__Data for processing__
►

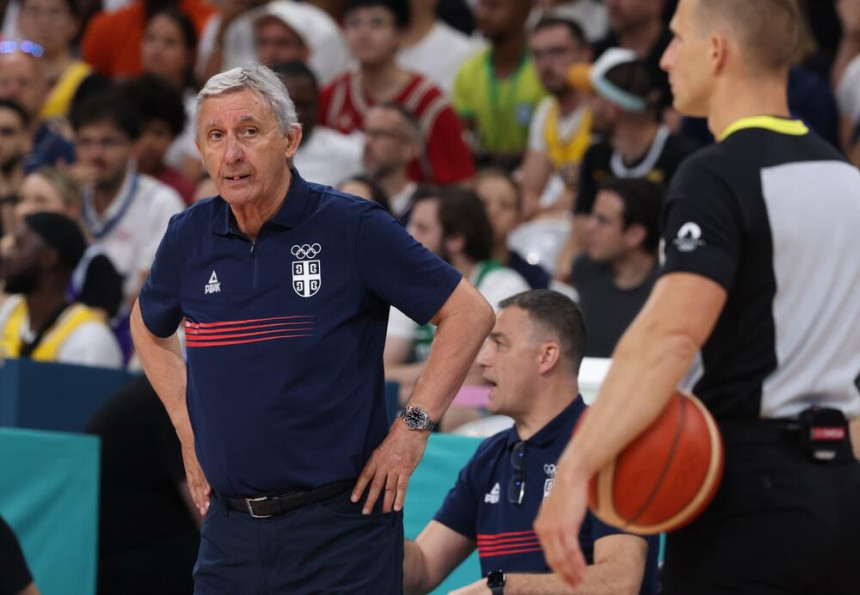 Svetislav Pešić više nije selektor košarkaša Srbije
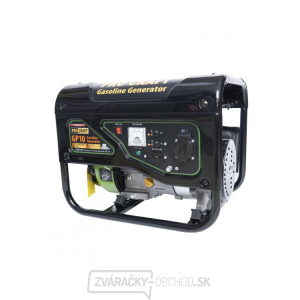 Elektrocentrála benzínová GP10 | GP10 Elektrocentrála benzínová GP10 | GP10 gallery main image
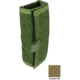 Specter Gear MOLLE 12 Pack 12rd 12ga Shotshell Carrier, Coyote, 1136 COY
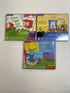 Lot of 3 Dr. Seuss Mac (OS X) Educational games 2006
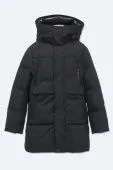 Куртка зимняя для мальчика (55564 черный) Куртка зимняя для мальчика (55564 черный)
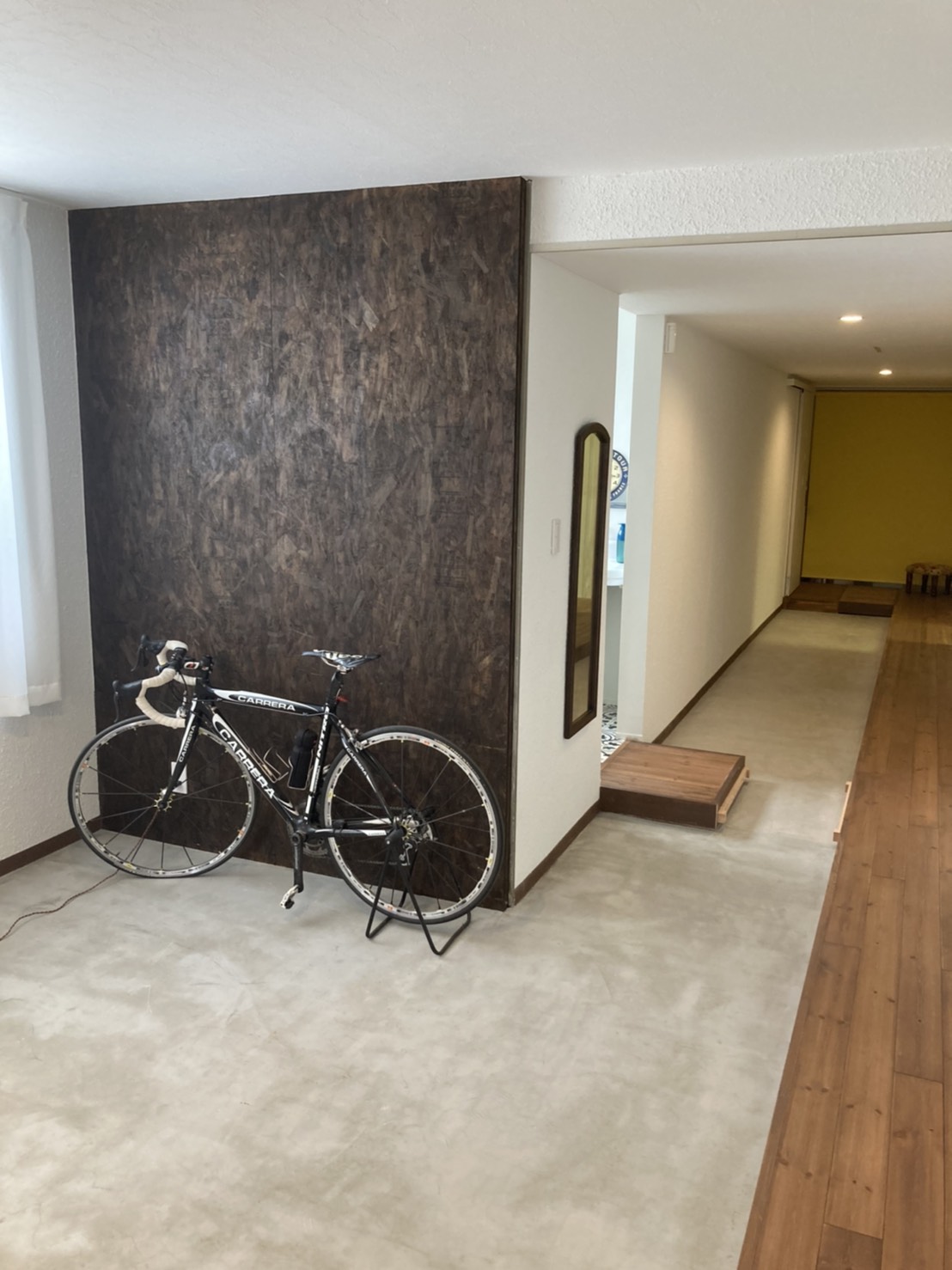 コンバージョン　病院から住宅へ⑤　カメラマン撮影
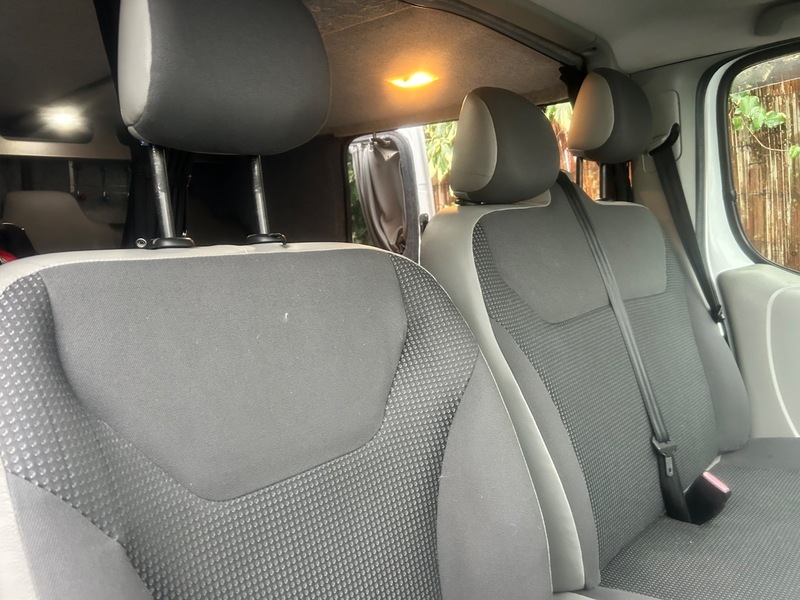 Used Vauxhall Vivaro 2013 for sale - 77342414: Photo 13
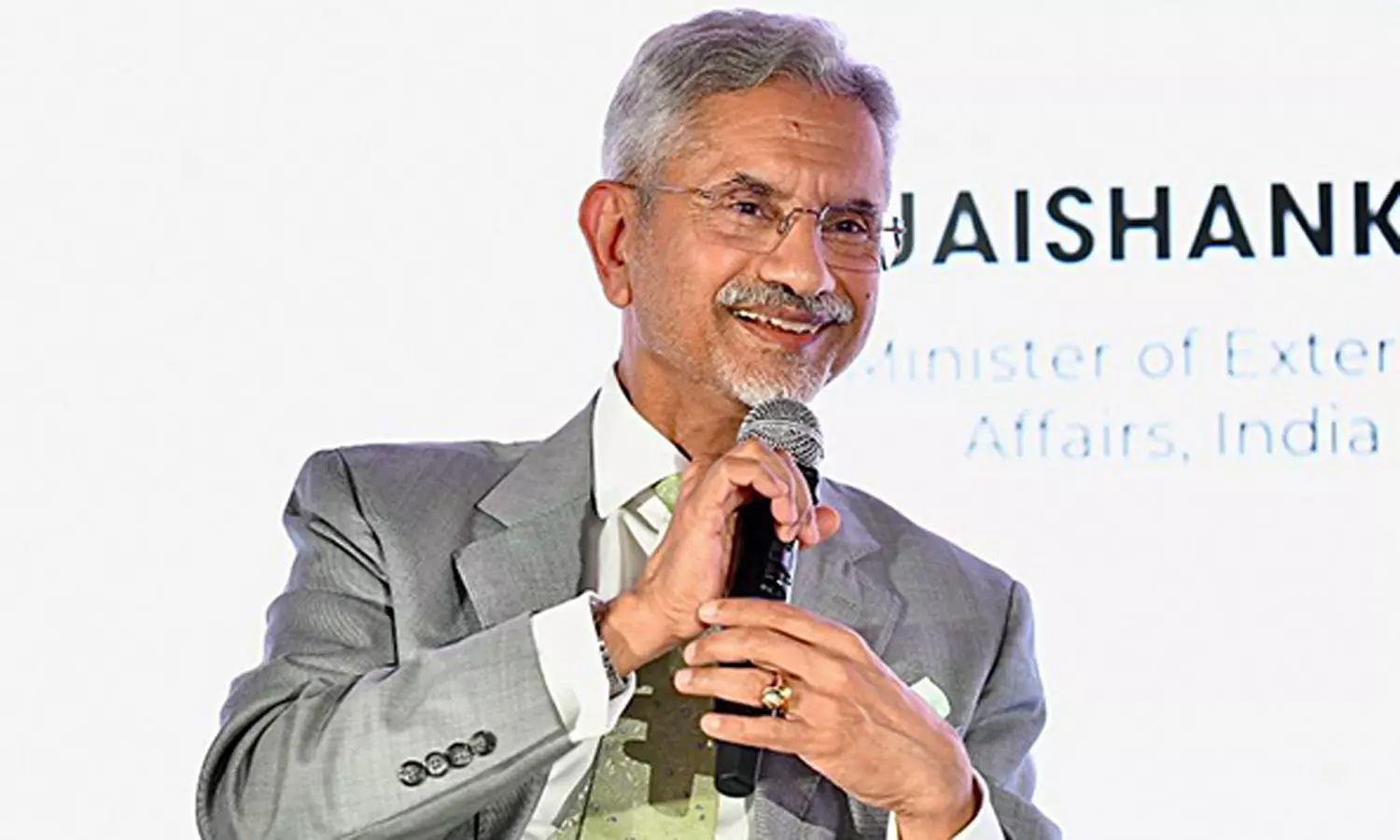 குவாட் மாநாட்டில் பங்கேற்க வெளியுறவு மந்திரி ஜெய்சங்கர் அமெரிக்கா பயணம்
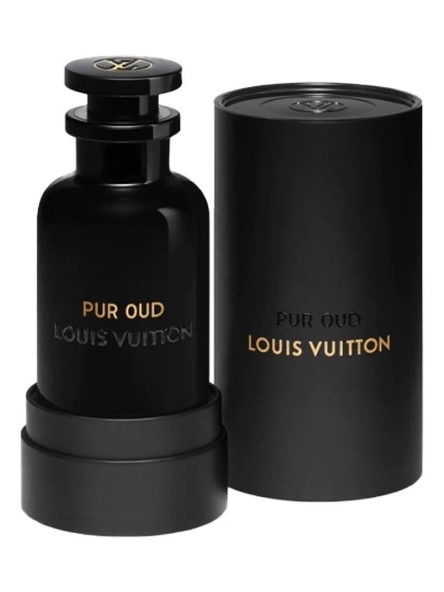 LOUIS VUITTON PUR OUD EDP 100 ML (LUX) thumbnail 2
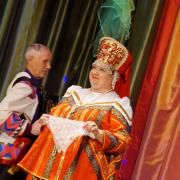 19 мая 2017г п.Абан Творческий концерт Нины Шиловой «Песня задушевная моя»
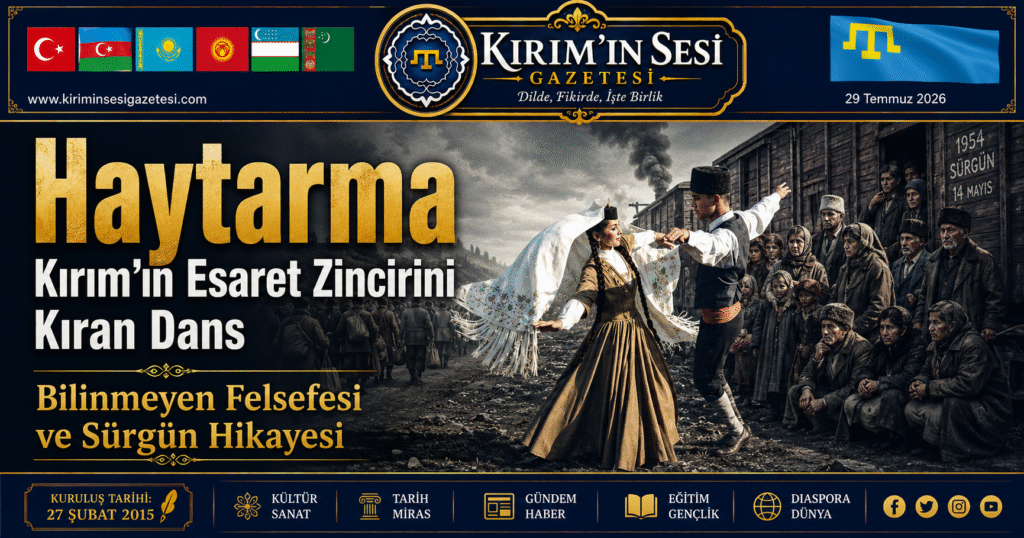 kırım tatar haytarma
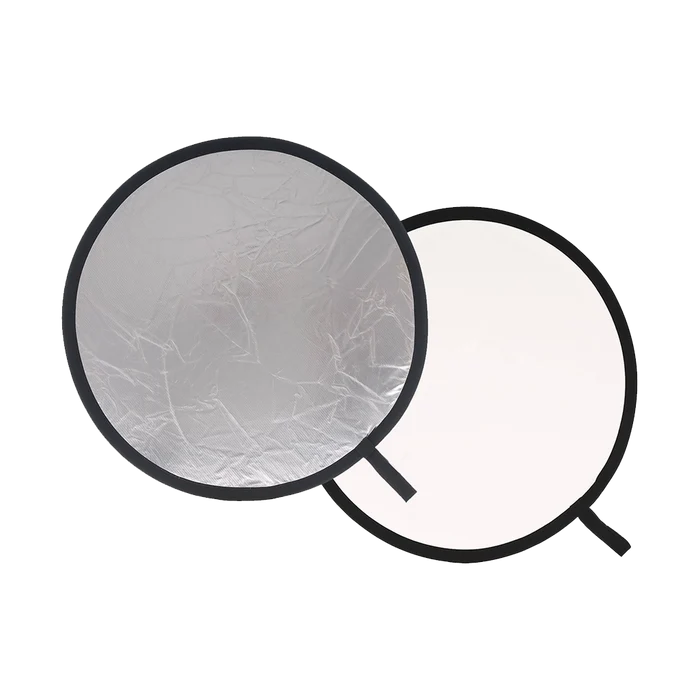 Lastolite Circular Reflector 95cm Silver/White (3831)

◄

Nothing but the pictures may be dropped; restate the material word for word.

__Result__
 Svetislav Pešić više nije selektor košarkaša Srbije
 Elektrocentrála benzínová GP10 | GP10 Elektrocentrála benzínová GP10 | GP10 gallery main image
 Specter Gear MOLLE 12 Pack 12rd 12ga Shotshell Carrier, Coyote, 1136 COY
 Lot of 3 Dr. Seuss Mac (OS X) Educational games 2006
 Куртка зимняя для мальчика (55564 черный) Куртка зимняя для мальчика (55564 черный)
 コンバージョン　病院から住宅へ⑤　カメラマン撮影
 Used Vauxhall Vivaro 2013 for sale - 77342414: Photo 13
 குவாட் மாநாட்டில் பங்கேற்க வெளியுறவு மந்திரி ஜெய்சங்கர் அமெரிக்கா பயணம்
 LOUIS VUITTON PUR OUD EDP 100 ML (LUX) thumbnail 2
 19 мая 2017г п.Абан Творческий концерт Нины Шиловой «Песня задушевная моя»
 kırım tatar haytarma
 Lastolite Circular Reflector 95cm Silver/White (3831)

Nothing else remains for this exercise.